#### DATA TO PROCESS:
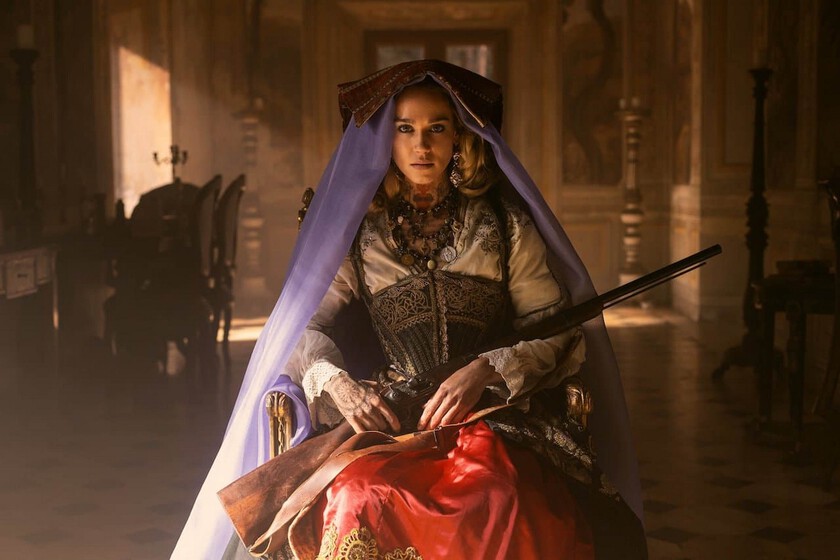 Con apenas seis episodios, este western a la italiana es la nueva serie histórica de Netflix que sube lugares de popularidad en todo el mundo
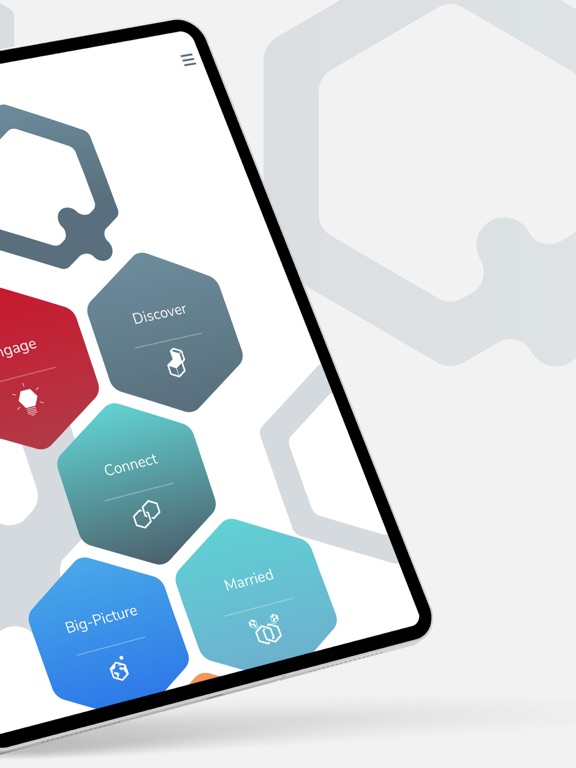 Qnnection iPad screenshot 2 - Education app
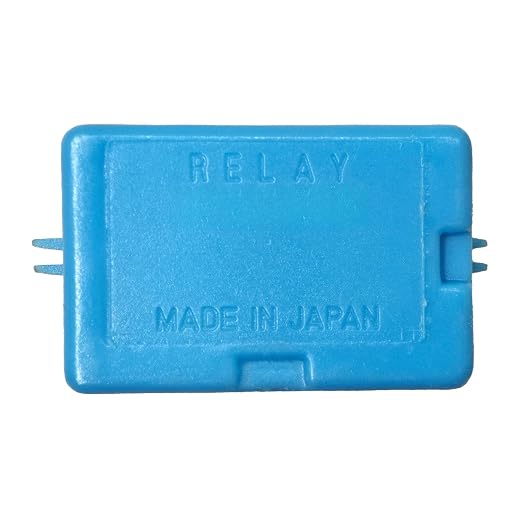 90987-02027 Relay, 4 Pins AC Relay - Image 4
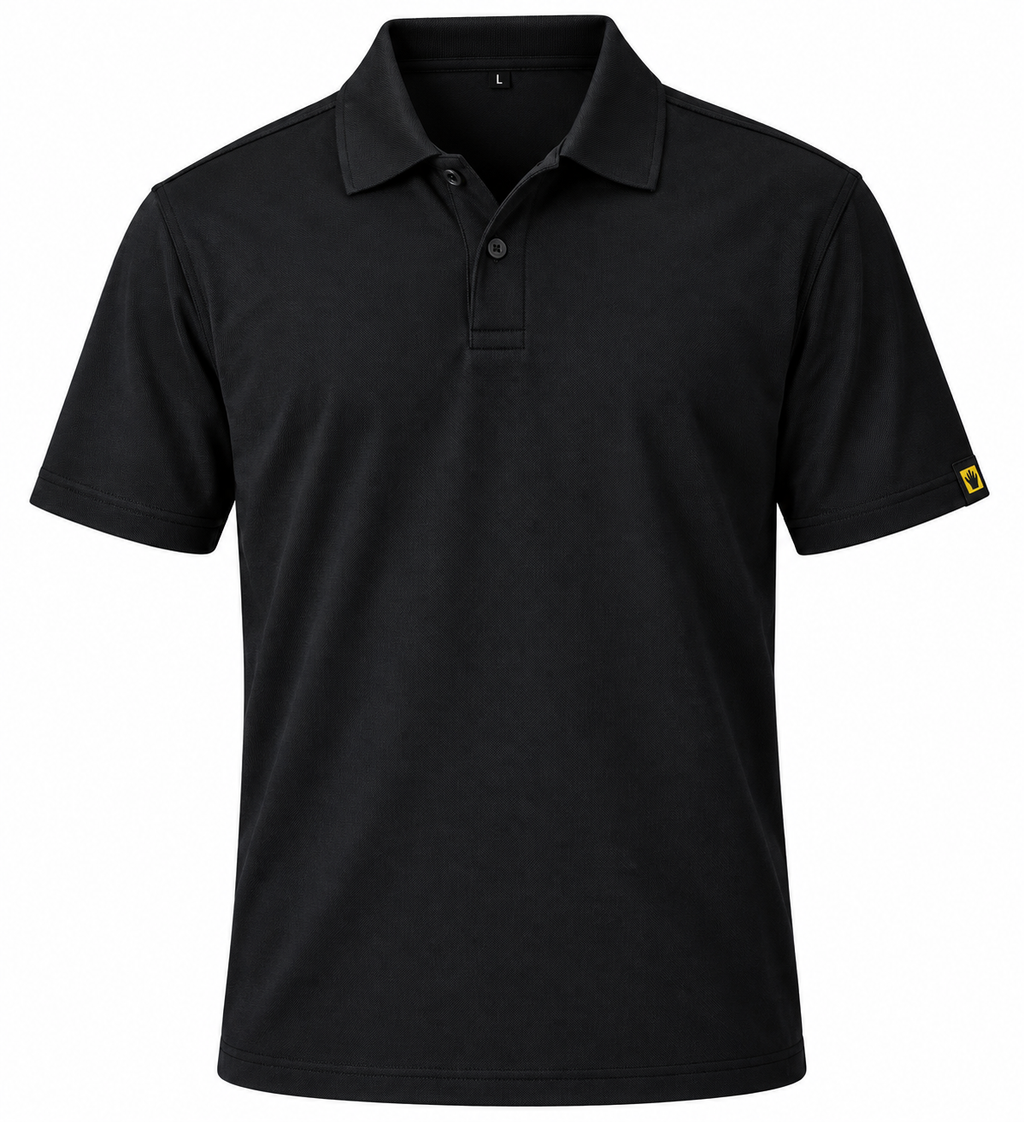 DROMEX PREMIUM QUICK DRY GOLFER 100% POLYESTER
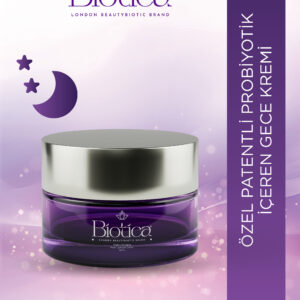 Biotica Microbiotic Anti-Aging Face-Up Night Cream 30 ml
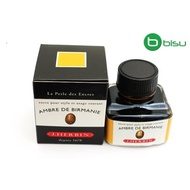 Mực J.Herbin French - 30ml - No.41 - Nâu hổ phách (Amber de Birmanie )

---

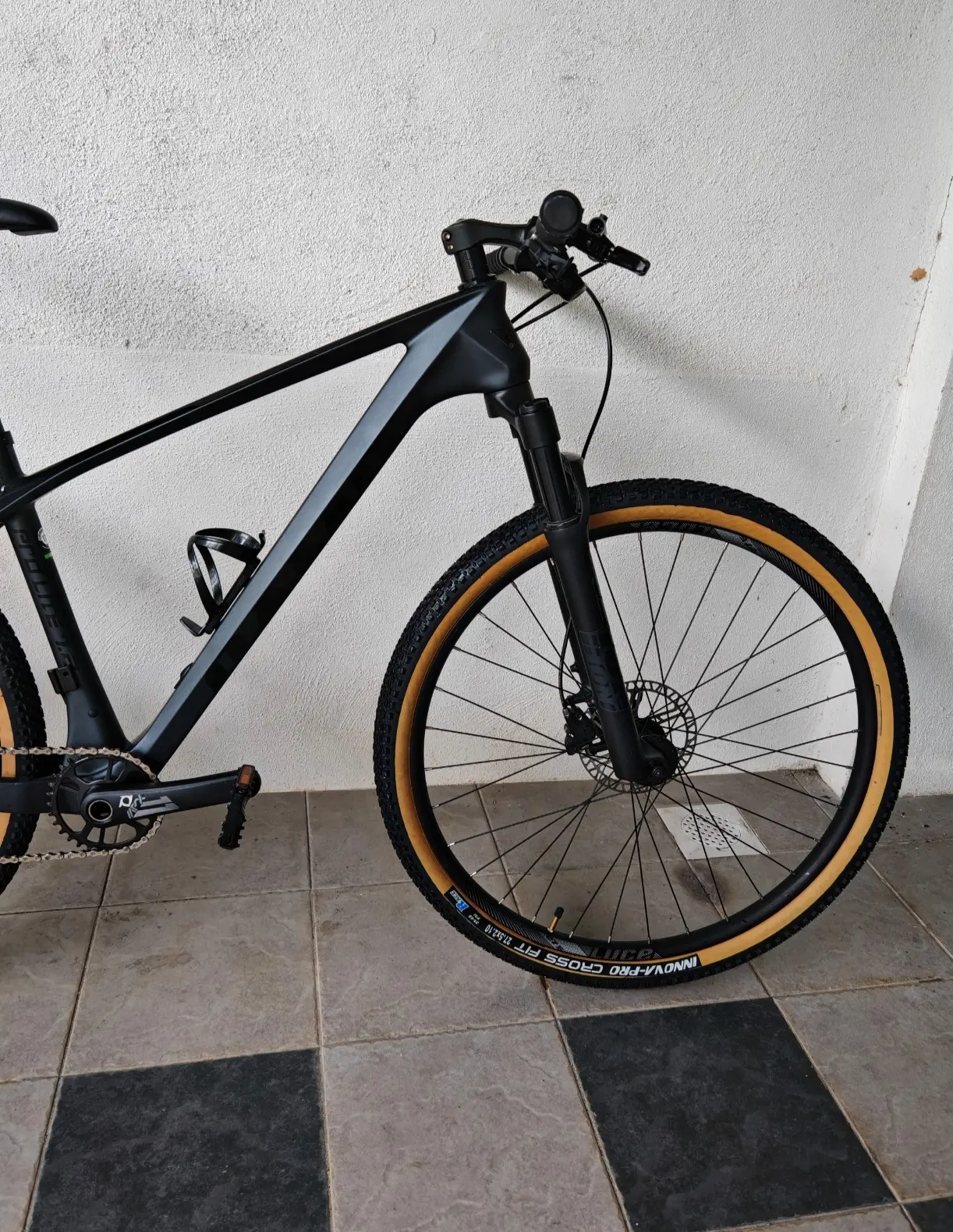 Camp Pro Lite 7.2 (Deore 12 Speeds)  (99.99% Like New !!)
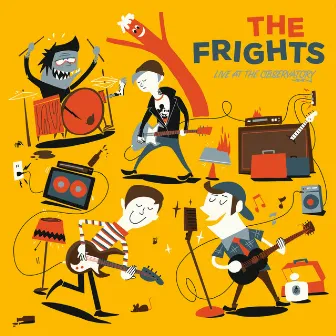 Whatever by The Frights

==

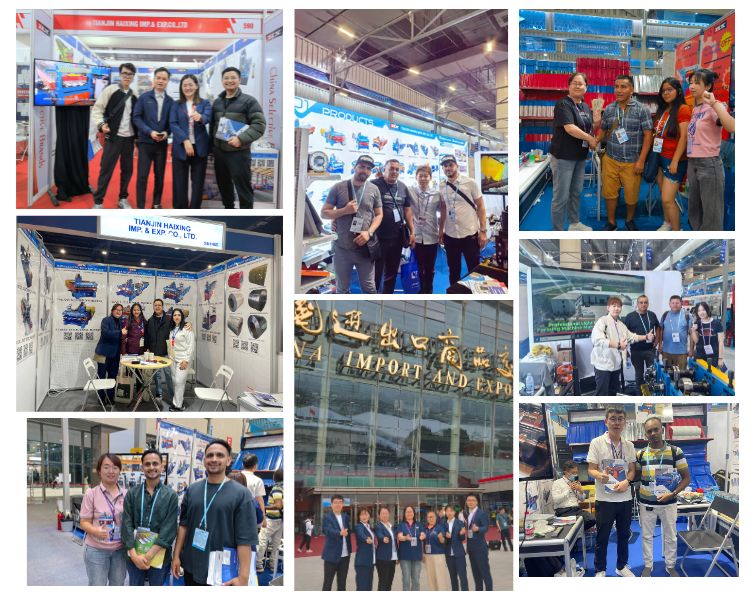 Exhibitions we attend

#### YOUR OBJECTIVE:
Your reply should consist solely of the lines above from the line containing "Qnnection iPad screenshot 2 - Education app" up to and including the line containing "Mực J.Herbin French", reproduced exactly, minus the pictures.

#### YOUR SOLUTION:
 Qnnection iPad screenshot 2 - Education app
 90987-02027 Relay, 4 Pins AC Relay - Image 4
 DROMEX PREMIUM QUICK DRY GOLFER 100% POLYESTER
 Biotica Microbiotic Anti-Aging Face-Up Night Cream 30 ml
 Mực J.Herbin French - 30ml - No.41 - Nâu hổ phách (Amber de Birmanie )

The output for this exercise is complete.